Однако, при всех несомненных достижениях и победах науки, техники и технологий, вполне можно задаться вопросом о том, стала ли человеческая жизнь лучше (если рассматривать ее не только в материально-технических аспектах, но и вообще, – в предельно широком смысле слова «лучше»), стала ли она более осмысленной и счастливой, чем раньше? На этот вопрос возможно ответить, что не стала, – или к сожалению, или к счастью. Решение одних проблем и ответы на определенный круг вопросов, оборачиваются появлением других проблем и новых вопросов. На что же следует обратить наиболее пристальное внимание – это то, что на главные вопросы бытия человека – кто он такой, откуда (в широком смысле слова) и куда идет, в чем заключается его предназначение в мире, каков смысл его жизни и т.д., неких однозначных и общепризнанных ответов как не было найдено в прошлом, так их нет и в настоящем. Иначе говоря, несмотря на все свои, действительно колоссальные возможности, методологическую силу и техническую мощь, наука и научный метод не дают человеку ответов на множество вопросов и решения таких проблем, без которых говорить о несомненном улучшении человеческой жизни и переходу ее на некий новый качественный уровень, по сравнению с предыдущими эпохами, не приходится.

На заре Нового времени появились, а в эпоху Просвещения упрочились и утвердились представления о том, что религия существует в силу непросвещенности человеческих умов. Религиозные представления, говорили просветители, происходят из-за невежества людей, их незнания действительного устройства природы и причин происходящих событий. Наука, с точки зрения просветительских ожиданий, несет человечеству просвещение и свет разума, которые через некоторое время приведут к естественному исчезновению религии из жизни человека и общества. С тех пор прошло более двух с половиной столетий, прогресс научного знания поднялся на небывалую высоту, просвещение умов достигло всеобщих фактически масштабов, тем не менее, как видим, «оптимистичный» прогноз просветителей не подтвердился и не оправдался – религия не исчезла, и в нынешнем мире играет большую роль, несмотря на всю просвещенность современного человека. Иногда можно услышать: «Как можно верить в существование сверхъестественного мира и в чудеса в наш просвещенный век научно-технического прогресса?» Как видим, вполне можно, и просвещение здесь, по крупному счету, ни при чем. Таким образом, причина религиозной веры лежит не в области дремучести и невежества людей, а в чем-то совсем ином.
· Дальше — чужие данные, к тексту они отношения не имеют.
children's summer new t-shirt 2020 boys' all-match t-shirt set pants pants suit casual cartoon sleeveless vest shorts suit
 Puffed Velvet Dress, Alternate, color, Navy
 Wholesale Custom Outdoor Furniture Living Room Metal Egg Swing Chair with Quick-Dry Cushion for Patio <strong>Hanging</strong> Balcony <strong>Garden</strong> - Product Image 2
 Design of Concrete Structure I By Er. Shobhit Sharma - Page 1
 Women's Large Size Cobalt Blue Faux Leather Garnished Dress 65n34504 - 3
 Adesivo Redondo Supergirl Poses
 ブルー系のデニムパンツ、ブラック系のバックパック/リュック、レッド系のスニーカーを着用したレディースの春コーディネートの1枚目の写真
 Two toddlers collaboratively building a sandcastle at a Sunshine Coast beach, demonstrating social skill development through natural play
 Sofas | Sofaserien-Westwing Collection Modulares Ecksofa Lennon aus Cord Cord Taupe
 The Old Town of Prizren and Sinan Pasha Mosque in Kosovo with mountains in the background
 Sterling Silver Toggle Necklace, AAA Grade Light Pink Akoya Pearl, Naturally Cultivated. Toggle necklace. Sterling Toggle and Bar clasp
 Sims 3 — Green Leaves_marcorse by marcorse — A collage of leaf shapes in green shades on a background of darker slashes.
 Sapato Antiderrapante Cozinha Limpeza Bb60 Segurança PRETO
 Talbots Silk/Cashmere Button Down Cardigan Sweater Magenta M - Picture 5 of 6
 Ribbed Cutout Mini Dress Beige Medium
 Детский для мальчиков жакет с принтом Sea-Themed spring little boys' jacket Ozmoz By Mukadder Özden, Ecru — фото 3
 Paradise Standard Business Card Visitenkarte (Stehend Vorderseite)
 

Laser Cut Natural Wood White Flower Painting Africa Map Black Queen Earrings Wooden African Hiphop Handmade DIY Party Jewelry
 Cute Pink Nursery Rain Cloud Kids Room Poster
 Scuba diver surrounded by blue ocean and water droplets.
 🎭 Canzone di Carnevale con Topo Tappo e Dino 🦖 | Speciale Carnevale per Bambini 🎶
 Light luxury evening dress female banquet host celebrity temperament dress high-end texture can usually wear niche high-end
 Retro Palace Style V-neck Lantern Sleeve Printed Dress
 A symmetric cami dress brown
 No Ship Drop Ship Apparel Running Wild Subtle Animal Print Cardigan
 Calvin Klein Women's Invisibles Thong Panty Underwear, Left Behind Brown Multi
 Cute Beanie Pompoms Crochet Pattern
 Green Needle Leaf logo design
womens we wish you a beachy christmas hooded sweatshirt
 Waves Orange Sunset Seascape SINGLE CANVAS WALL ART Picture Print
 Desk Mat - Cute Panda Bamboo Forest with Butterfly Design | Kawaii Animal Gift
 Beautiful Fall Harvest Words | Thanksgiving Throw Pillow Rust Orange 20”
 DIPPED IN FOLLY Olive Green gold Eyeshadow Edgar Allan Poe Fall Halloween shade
Являются ли каким-либо образом связанными между собой профессиональные научные занятия или отсутствие таковых с атеистическими убеждениями или религиозными верованиями? Будет ли ученый-естествоиспытатель, именно в силу своих профессиональных занятий, придерживаться, по преимуществу, материалистического и атеистического мировоззрения? По всей видимости, никакой связи или зависимости между первым и вторым не существует. Ученый, вне зависимости от своих научных изысканий, является, как и человек, который далек от науки, верующим или атеистом, причем количественное соотношение верующих и неверующих среди ученых не меняется на протяжении длительного времени. «Еще большей сенсацией – читаем в известном учебном пособии Н.Ф. Бучило и А.Н. Чумакова (в данном случае ссылка на учебное пособие вполне оправдана, т.к. речь идет всего лишь о статистических показателях), – стали результаты нового исследования, проведенного в конце 90-х гг. американскими историками Э. Ларсоном и Л. Уитхемом, которые решили выяснить – насколько изменилось мировоззрение ученых под влиянием величайших открытий и научных достижений, совершенных в XX столетии. Опрос, который они провели среди тысячи случайно выбранных гуманитариев и представителей естествознания в США, показал, что все те же 40% ученых (т.е. как и в начале XX в. – авт.) по-прежнему верят в Бога и загробную жизнь. При этом число неверующих и агностиков…с тех пор (с начала XX в. – авт.) также мало изменилось и составляет сегодня, как и прежде, примерно 45% и 15% соответственно» [6, с.18]. Обратим внимание еще и на то, что «отцы»-основатели науки Нового времени не были ни атеистами, ни вольнодумцами, говоря, что естественнонаучные исследования позволяют, хоть и в малой степени, приподнять краешек занавеса над бесконечно мудрым и замыслом Творца, создавшего мир и вверившего его в попечение человека. Естественный, или физический, материальный мир, таким образом, вполне является естественным откровением, а естествознание – естественной теологией, которой занимались Н. Коперник и Г. Галилей, И. Кеплер и И. Ньютон и многие другие выдающиеся умы, заложившие основы современной науки.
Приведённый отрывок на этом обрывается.